PHOENIX — New state data reveals many communities with more people of color and lower levels of household income are being left behind when it comes to getting the COVID-19 vaccine.
For residents in Maryvale, it feels like a repeat of this summer when people there had to wait in line for more than 10 hours to be tested for the disease.
“We’re sitting right here in Maryvale, this is one of the places where COVID has hit the hardest in the entire country,” said Janey Pearl Starks, the Director of Equity & Diversity at Mountain Park Health Center.
The health center is a federally-qualified clinic offering the vaccine to its patients and the public eligible under the 1A and 1B categories and those 75 and older.
“When people get here, they’re crying, they’re in tears. They’re saying 'I've been trying to get this vaccine for weeks; we’ve been waiting for this vaccine.' They’re sharing stories of how COVID has ravaged their families, so they’re literally in tears as they’re rolling up their sleeves,” stated Starks.
She says the Maryvale community wants the vaccine, but new data shows there’s a big disparity and a lot of those left behind are in areas with the largest communities of color.
“85009 has the lowest vaccination rate of any zip code in Maricopa County. It’s 90% minority in that zip code,” stated Garret Archer, ABC15’s data analyst.
Archer says the common denominator among zip codes in Maricopa County with the lowest vaccination rates is income.
“Of the 10 zip codes that have received at least one dose, seven are over $80,000 in household income,” he said.
In other words: The richer you are, the more likely you are to get a vaccine in Maricopa County.
“The problem is that the state is using the vaccine for the large-scale site which I call the vanity site out at State Farm [Stadium] which is mainly providing the vaccine to upper-income people,” said Will Humble, a former director of the state health department.
Humble says the online appointment registration system is causing unequal access to the vaccine.
“That can be fixed with a system in which everyone puts in their data and information and there’s a random selection of folks.
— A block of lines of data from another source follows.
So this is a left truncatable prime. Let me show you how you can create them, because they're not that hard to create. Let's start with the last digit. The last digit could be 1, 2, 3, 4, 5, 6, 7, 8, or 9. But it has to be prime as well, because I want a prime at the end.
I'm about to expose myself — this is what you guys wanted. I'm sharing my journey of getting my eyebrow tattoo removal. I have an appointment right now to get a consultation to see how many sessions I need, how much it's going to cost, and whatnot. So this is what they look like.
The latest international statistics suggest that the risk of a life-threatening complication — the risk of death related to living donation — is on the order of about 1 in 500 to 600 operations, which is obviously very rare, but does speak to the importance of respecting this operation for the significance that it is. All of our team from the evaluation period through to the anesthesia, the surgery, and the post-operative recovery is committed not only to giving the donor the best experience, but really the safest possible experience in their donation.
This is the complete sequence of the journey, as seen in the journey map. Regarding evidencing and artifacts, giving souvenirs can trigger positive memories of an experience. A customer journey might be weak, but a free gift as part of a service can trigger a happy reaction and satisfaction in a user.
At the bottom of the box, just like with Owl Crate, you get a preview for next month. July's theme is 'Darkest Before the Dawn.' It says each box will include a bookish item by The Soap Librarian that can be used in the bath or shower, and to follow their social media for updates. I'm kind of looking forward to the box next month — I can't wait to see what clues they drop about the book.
So that equalizes the opportunity for people to get the vaccine no matter what their income is, no matter how flexible their job is, no matter how good their computer or their broadband is.”
Those same access issues are what Starks says they’ve been pointing out to the state for a long time now, so as soon as they got the vaccine, they made access to appointments available to everyone.
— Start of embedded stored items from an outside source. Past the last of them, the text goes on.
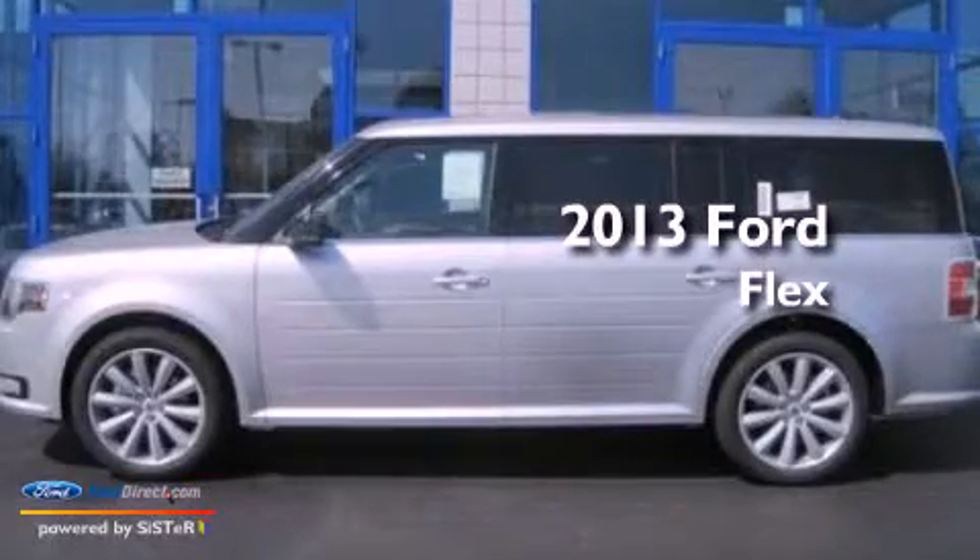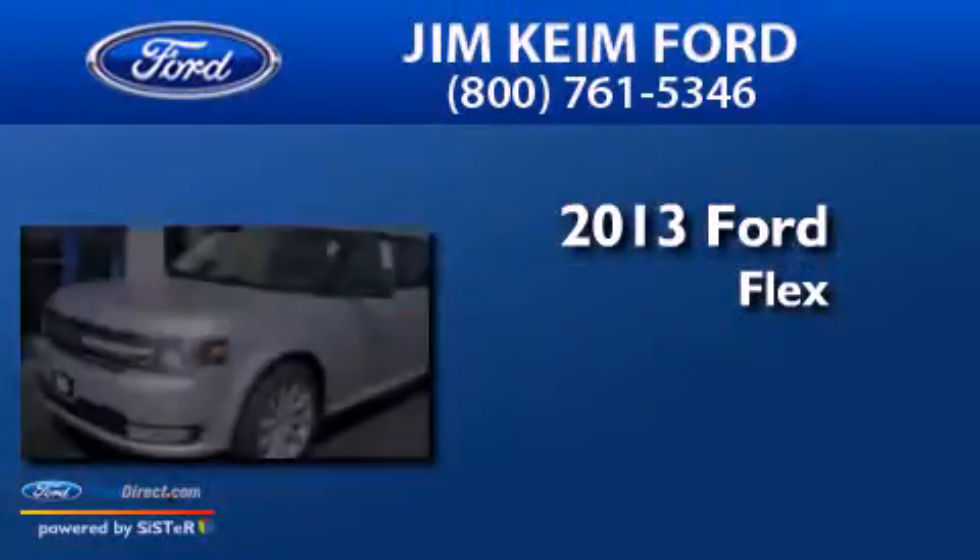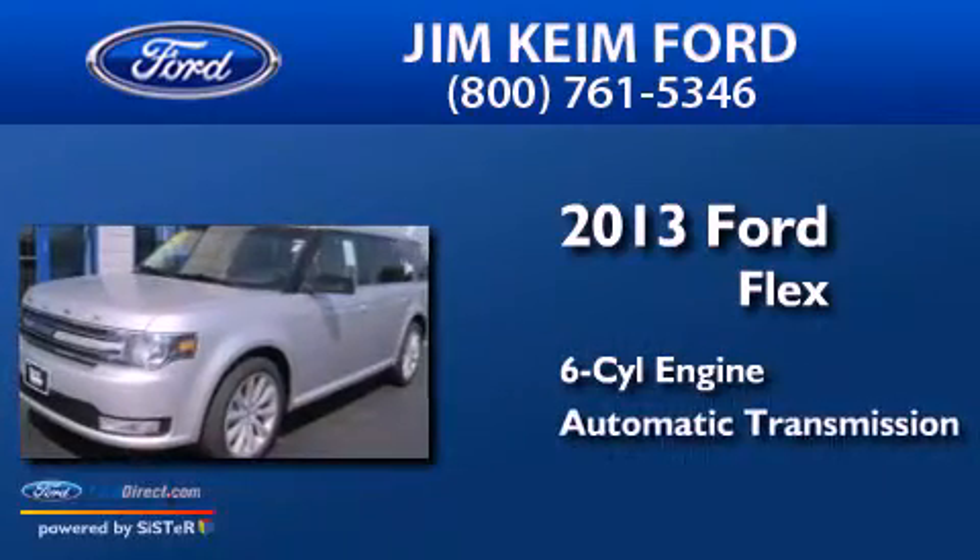This is a brand new 2013 Ford Flex. It features a six-cylinder engine and an automatic transmission.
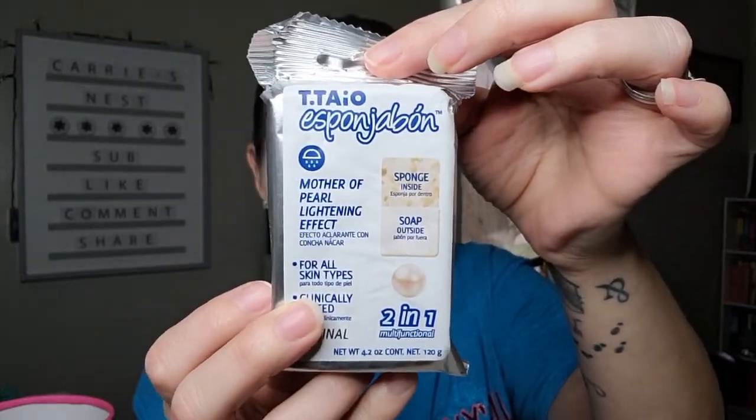The next product — I'm not sure how to pronounce it, I think it's Tayo — is a Mother of Pearl Lightning Effect Sponge. It's soap on the outside and sponge on the inside, for all skin types, clinically tested, two-in-one multifunctional. It cleanses, moisturizes, and softens the skin. I've seen sponges filled with body wash before, but this one is a little different. I'm definitely intrigued and will give it a try.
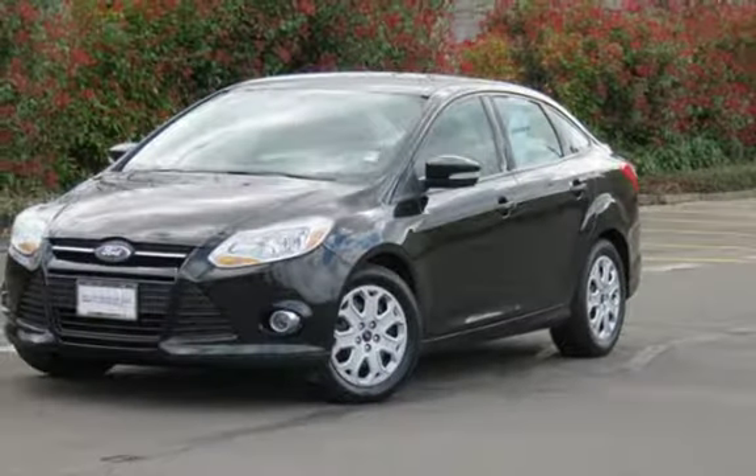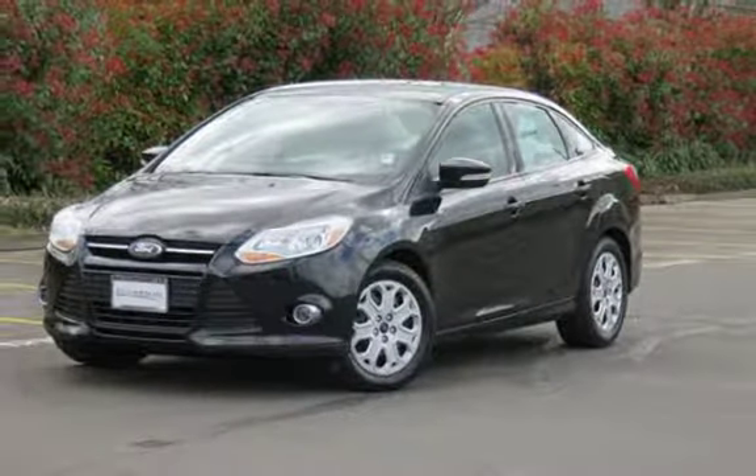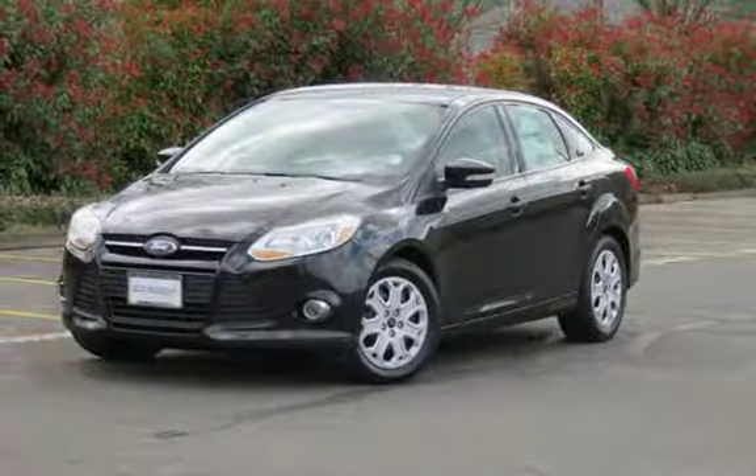Welcome to Auto House LLC. We will offer you the best collection of nice cars with the best financing available.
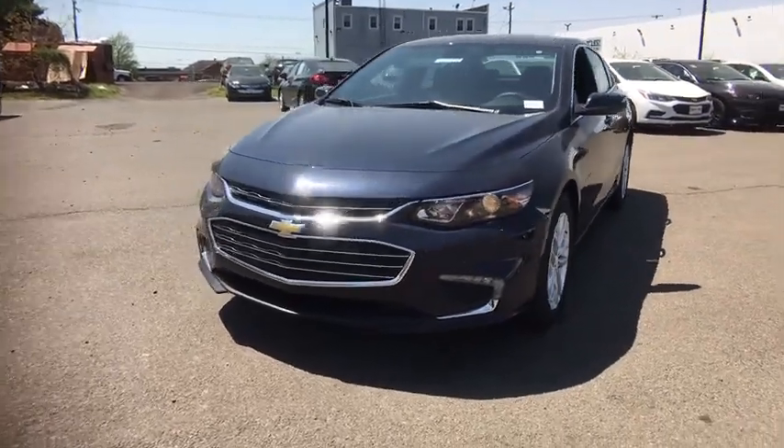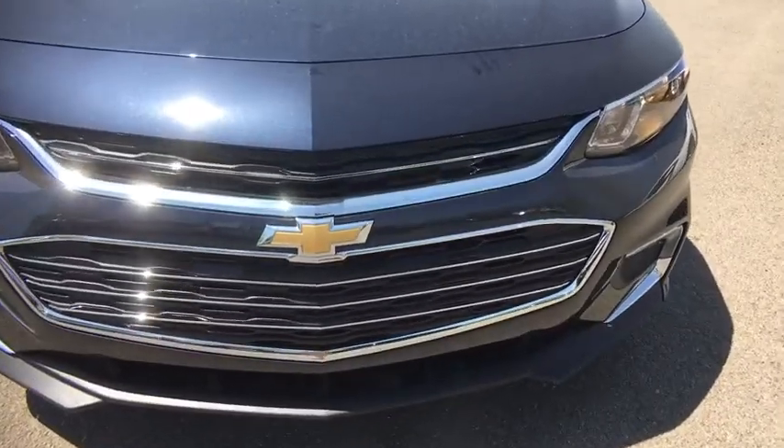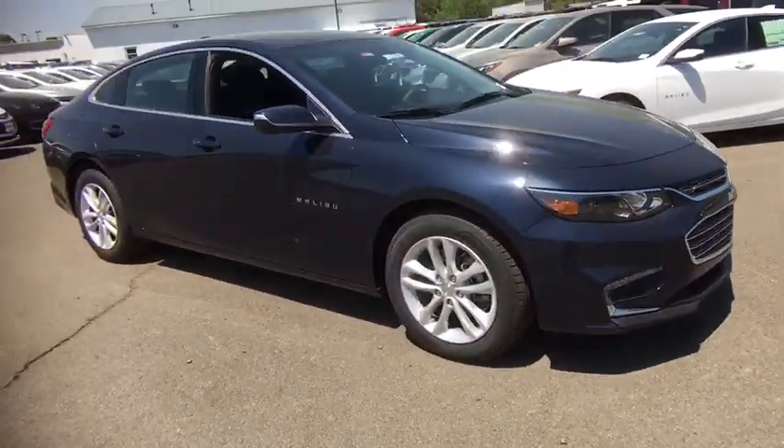The 2018 Chevrolet Malibu — a combination of performance and fuel economy. The Malibu is a great commuting car. Here are some of this vehicle's great options.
“For family members who don’t have cars, who can't do the drive-through, who can’t get out there, who can’t time off work, who don’t have internet, who can't press refresh, who can’t speak English, all these barriers--for us it's just call the phone number and someone is going to pick up in your language,” she said.
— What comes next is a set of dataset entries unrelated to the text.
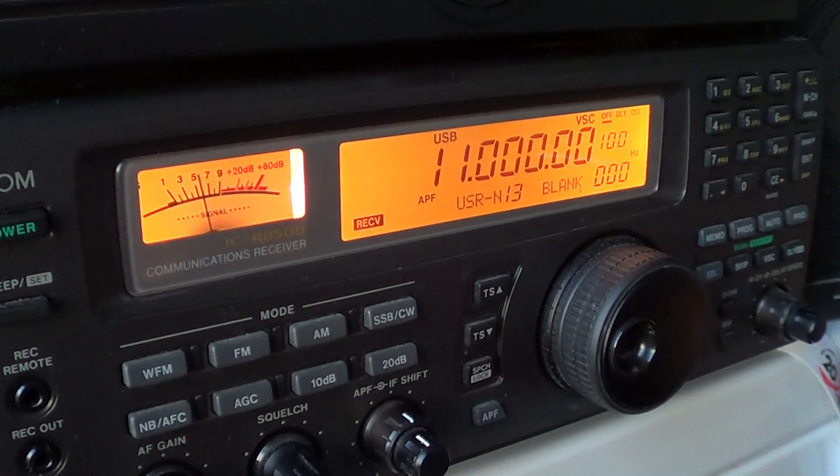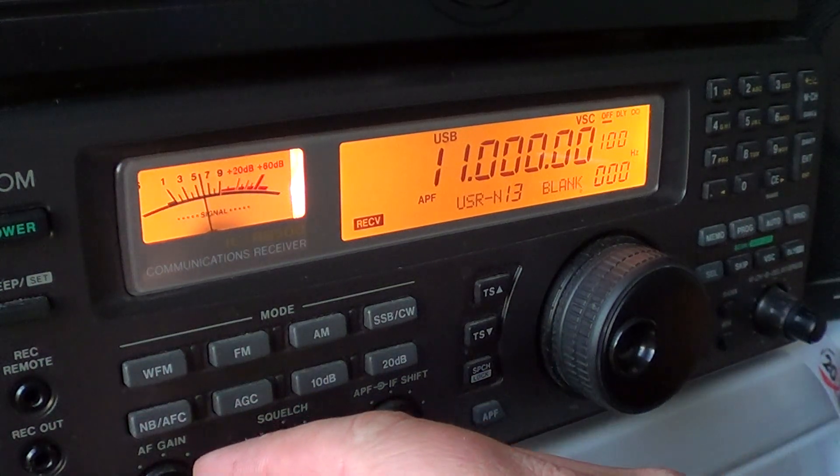11 MHz is one of my favorite international broadcast bands — lots of signals to listen to. It's also one of the popular frequencies for utilities, because it is home to one of the very active primary channels of the US military on 11175 kHz. The signal starts at 11,500 up to 12 MHz for the 25 meter international broadcast band. So let's start tuning around 11 MHz.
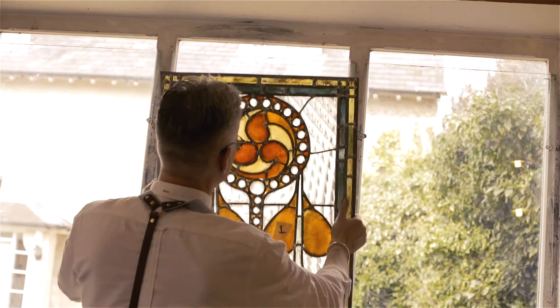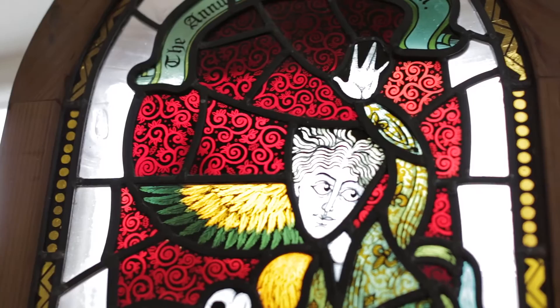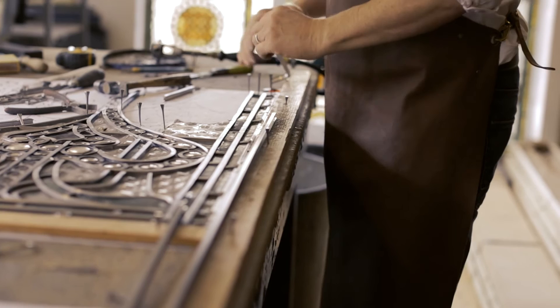Then I walked into the stained glass studio and I thought, wow, this is fantastic — just so much light coming into the room. What appealed to me was working with your hands. There was something very honest about just hand-making something, and I just fell in love with it there and then.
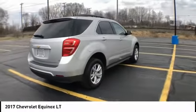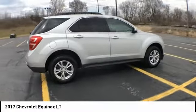This vehicle has less than 25,000 miles. Here are some of this vehicle's great options.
For others, there’s a lack of transparency from the state government when it comes to the planning for equitable distribution of the vaccine.
“It's just kind of a history that Phoenix has with institutional racism. Is anybody actually talking about it? I’m sure if someone from Scottsdale or Paradise Valley had to come to south Phoenix for their shots, they would be screaming,” said Manuel Torres, a former sociology professor.
Torres says his 75-year-old friend couldn’t get the shot at the vaccination site at State Farm Stadium.
“It’s almost impossible. People think everyone has a smartphone, a laptop and they don’t. Like my friend, he’s pretty well educated but he only has a cellphone, and he couldn’t get in at all.”
According to state data, only 8% of eligible Latinos have gotten the shot in comparison to 50% of white individuals.
So how concerning are these numbers? Dr. Alonzo Plough, the chief science officer at the Robert Wood Johnson Foundation, says they’re extremely concerning.
“Your zip code, where you work, ethnicity should not be the determinant on whether you have a healthy outcome. Now a pandemic is a bad thing, but you shouldn’t be disproportionately affected by it because of those kinds of conditions,” stated Plough.
The Robert Wood Johnson Foundation is the nation’s largest health philanthropy. They say it’s critical to prioritize how the state connects with communities of color.
“How we do an especially good job of providing information, trust-building activities in the language and the places that people are comfortable with, so we can get the vaccine distributed in the right arms,” said Plough.
Plough says the right arms are those of the people at a higher risk.
“If you did not have a history of being insured, of having your chronic conditions like diabetes or high blood pressure taken care of, you’re going to be more susceptible to a virus like COVID-19,” Plough said.
“If you look at the life expectancy in Paradise Valley or Scottsdale it is about 85 years old; the life expectancy here and in south Phoenix is about 75 so there’s a big difference that has to do with access to healthcare,” stated Starks.
ABC15 reached out to ADHS asking about the planning to ensure people's zip code, ethnicity, access to the internet or income wouldn't disproportionately affect them from receiving the shot. They responded this evening by saying today is a state holiday.